Still, that didn’t stop McDonough from driving his stake in the ground even further on Wednesday.
“I was certainly surprised by it and disappointed by it,” he told the radio station. “I think Eric’s a good person. I think he’s unfortunately gotten some bad advice and is listening to the wrong people. I think generally any time you sign a contract, it doesn’t only work one way. It works both ways, and for a guy with years on his contract to say or intimate he didn’t want to be here anymore, I didn’t find that to be appropriate, and I think if he says he wants to be a leader, that’s the opposite of what a leader does and the opposite of what leadership is.”

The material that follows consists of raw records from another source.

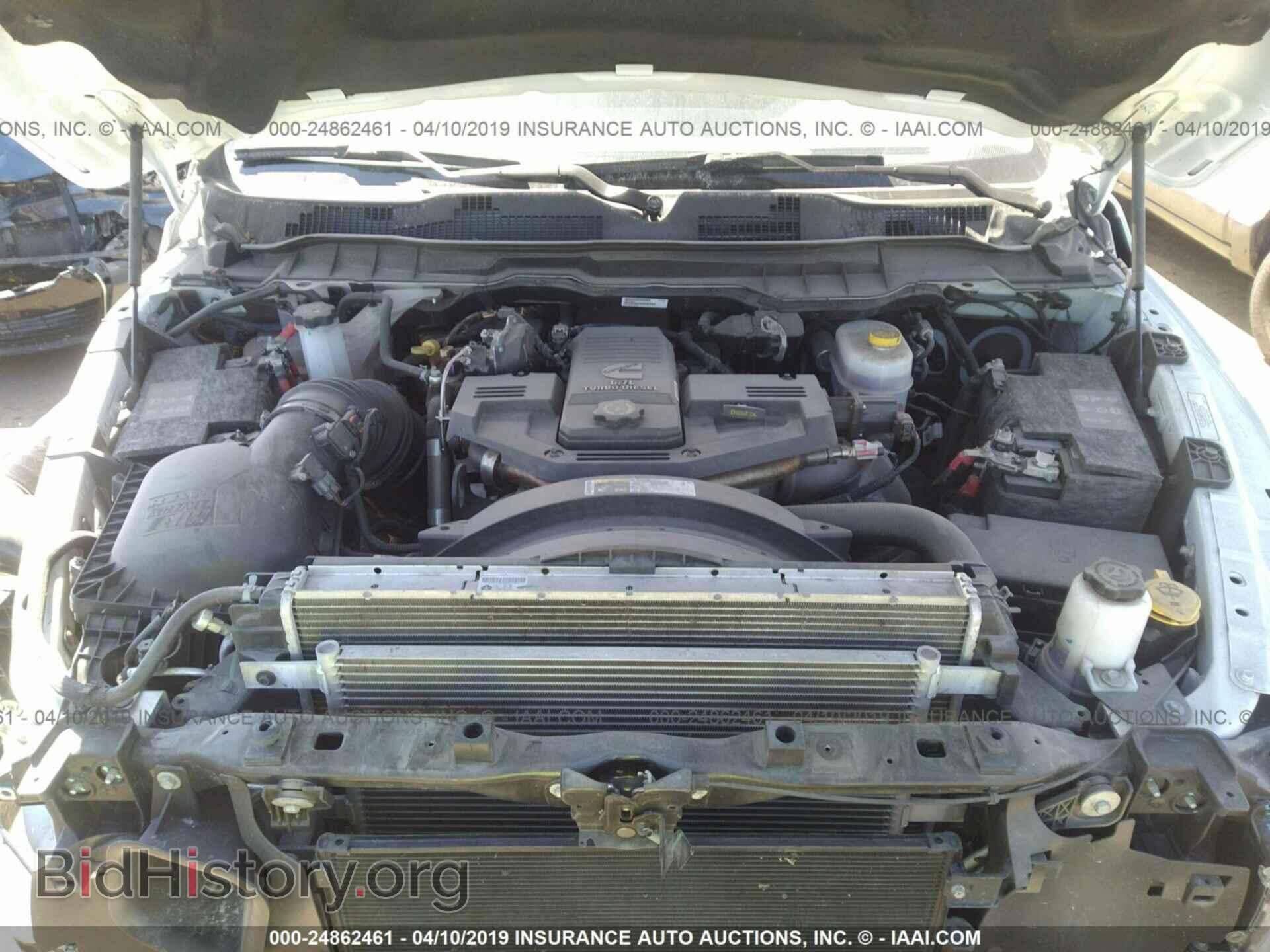 2017 RAM 2500 - VIN: 3C6UR5HL6HG789305 - Photo 10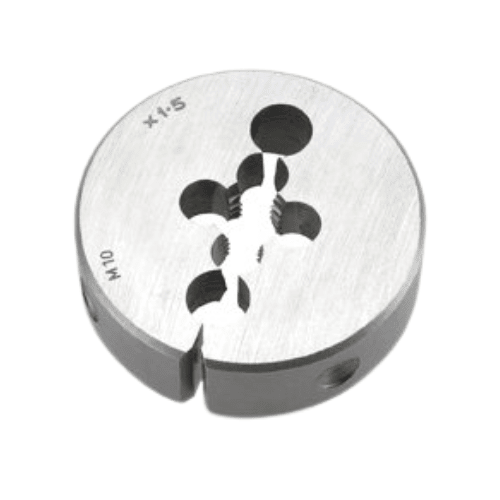 Bordo 18 x 2.5 mm MC 2" Chrome Button Die - Twin Eagle Imports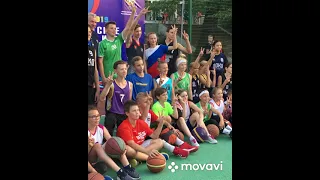 финал Всероссийских спортивных соревнований школьников «Президентские спортивные игры»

Bledsoe is represented by Rich Paul, who wields significant power as the agent to LeBron James and a number of other high-profile players, including John Wall and Ben Simmons. Paul also represented recently fired Suns coach Earl Watson. But McDonough had little interest in appeasing the agent.

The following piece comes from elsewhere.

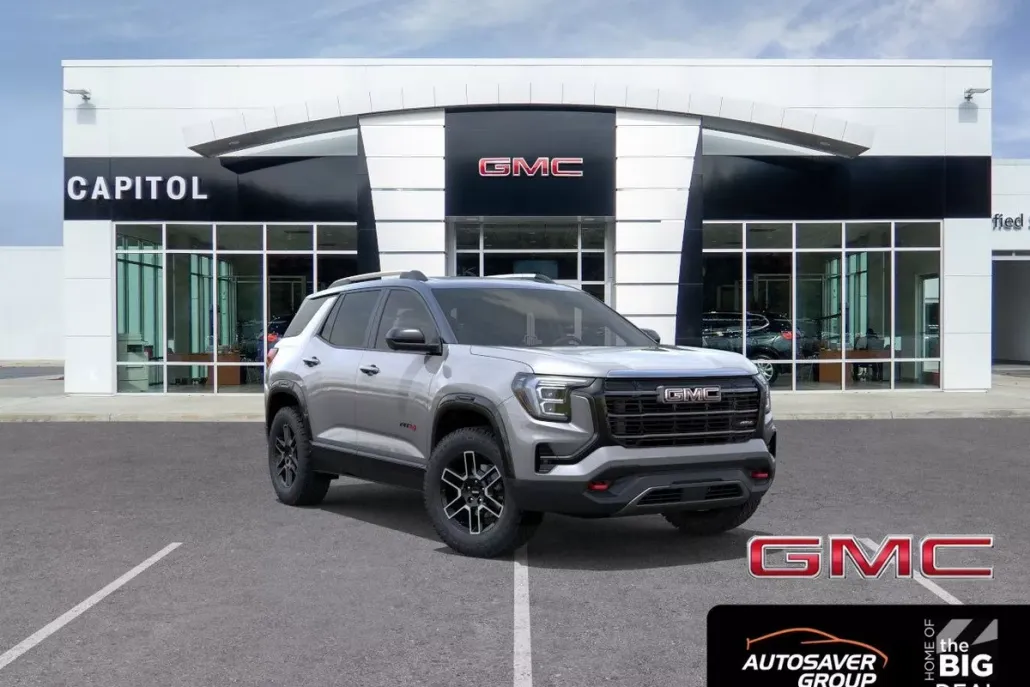 2026 Gmc Terrain AT4 photo 1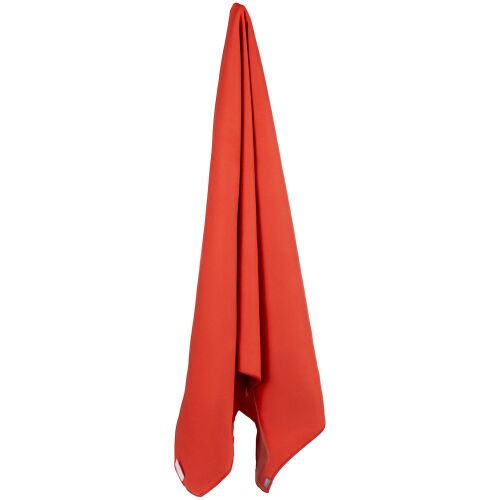 Спортивное полотенце Vigo Medium, красное 2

“I think the shift comes from contractual demands made by his representatives, and that’s what I was referring to when I said I think he got bad advice,” said the GM, whose father Will McDonough was a legendary sportswriter known for shooting from the hip. “[ … ] He’s a talented player and a good player, but I think he’s just being a little misguided at the moment with some of the advice he’s getting.”
NBA stars have become increasingly aware of their power to dictate where they play, and if we learned anything from Kyrie Irving’s trade request from the Cleveland Cavaliers this past summer, it’s that they are more willing to wield that power earlier in their contracts. Perhaps McDonough’s biting criticism of Bledsoe and, more notably, Paul — the agent who has overseen LeBron’s jump to Miami and back — is a response to this trend. But it’s unlikely the GM’s decision to go so public with those comments will do him any favors in trade discussions for Bledsoe or contract negotiations with Paul going forward.
McDonough referred to Bledsoe as “a guy who was an energy drain or moping around or honestly not putting forth great effort” and reiterated his desire to keep the 27-year-old away from the team as a result. The GM also suggested the Suns are in no rush to trade Bledsoe, who remains under contract for this season and next. (Which is what any GM who wants to stir up the trade market should say.)
McDonough mentioned that the team’s tanking-fueled decision to rest Bledsoe for the final month of last season, which Watson termed a “management decision,” played a role in his desire to want out. The GM also did not refute reports by Arizona Sports Radio host John Gambadoro that Bledsoe met with the front office prior to the season to discuss his trade prospects on multiple occasions.
However, McDonough “met with him a couple times before the season started, and he said he was excited about our group, excited to play with the young guys and thought we had a good thing going.”
Phoenix hosts the Utah Jazz on Wednesday.